▸ Data provided

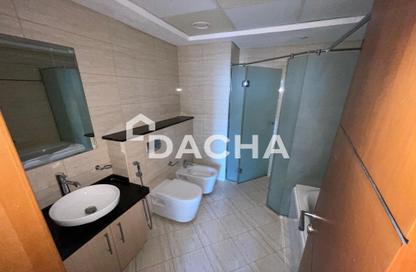 Apartment - 1 Bedroom - 2 Bathrooms for rent in Ocean Heights - Dubai Marina - Dubai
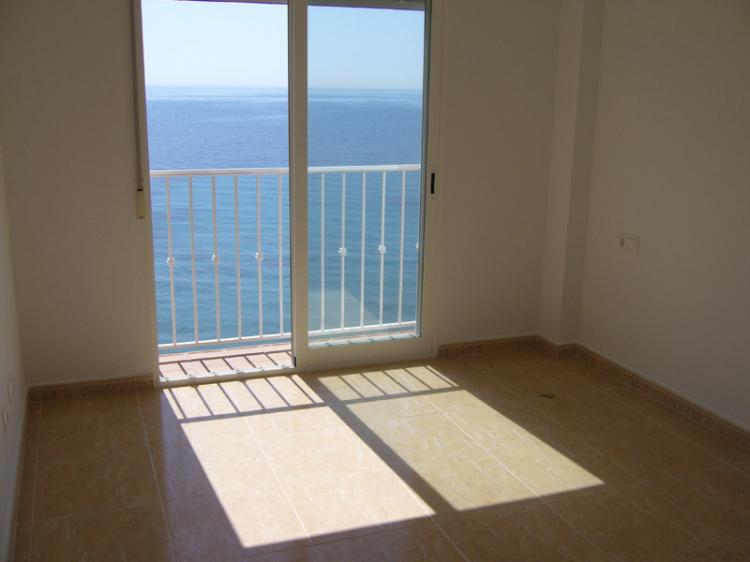 Foto Apartamento en Venta en PLAYA LA REGIA, , Alicante - € 395.000 - APV637 - BienesOnLine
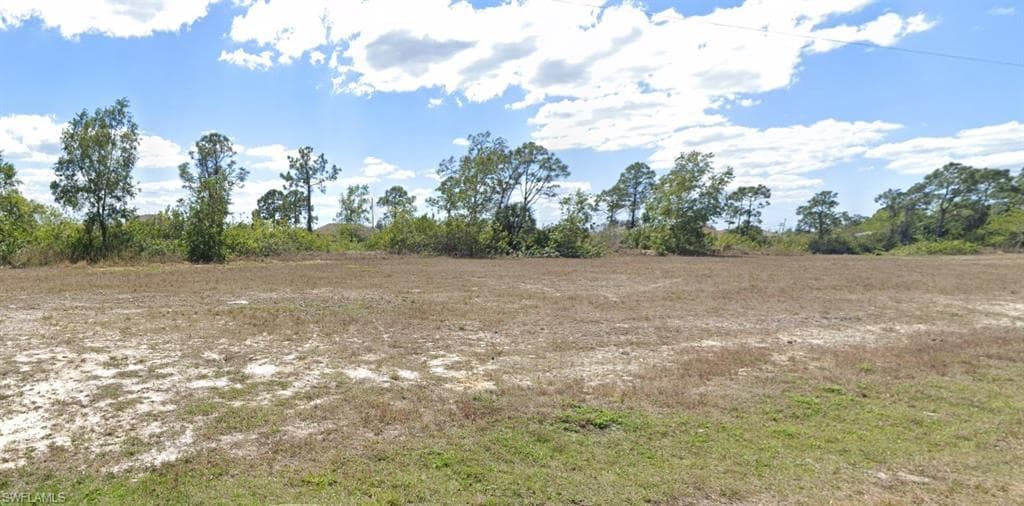 1810 44th Ter, Cape Coral, FL 33909-3
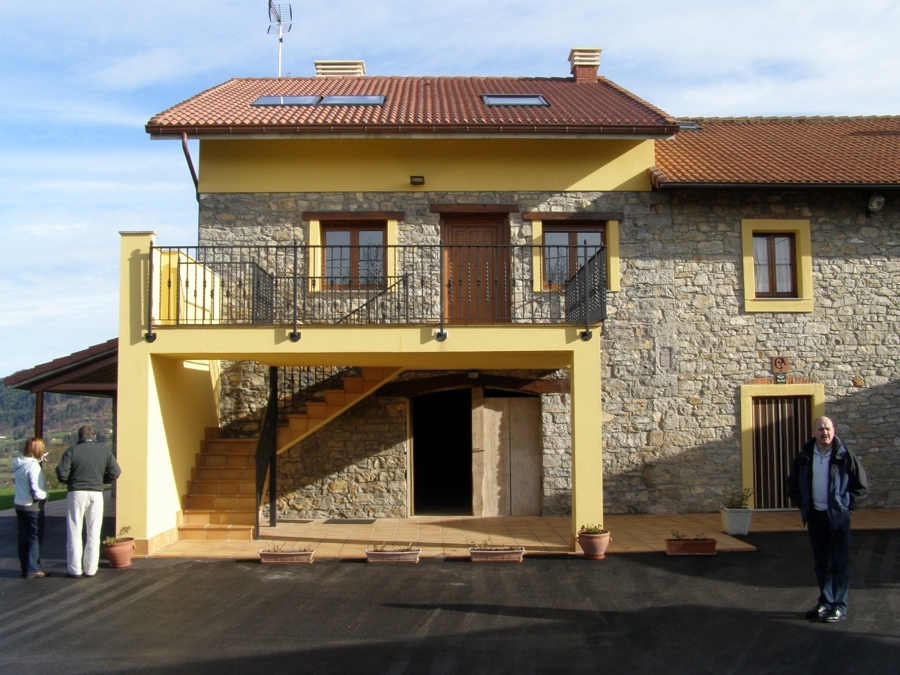 Adecuación de cuadra para vivienda unifamiliar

▸ Assignment
Only the pictures in the listing above get left out; print everything else exactly.

▸ Your solution
 Apartment - 1 Bedroom - 2 Bathrooms for rent in Ocean Heights - Dubai Marina - Dubai
 Foto Apartamento en Venta en PLAYA LA REGIA, , Alicante - € 395.000 - APV637 - BienesOnLine
 1810 44th Ter, Cape Coral, FL 33909-3
 Adecuación de cuadra para vivienda unifamiliar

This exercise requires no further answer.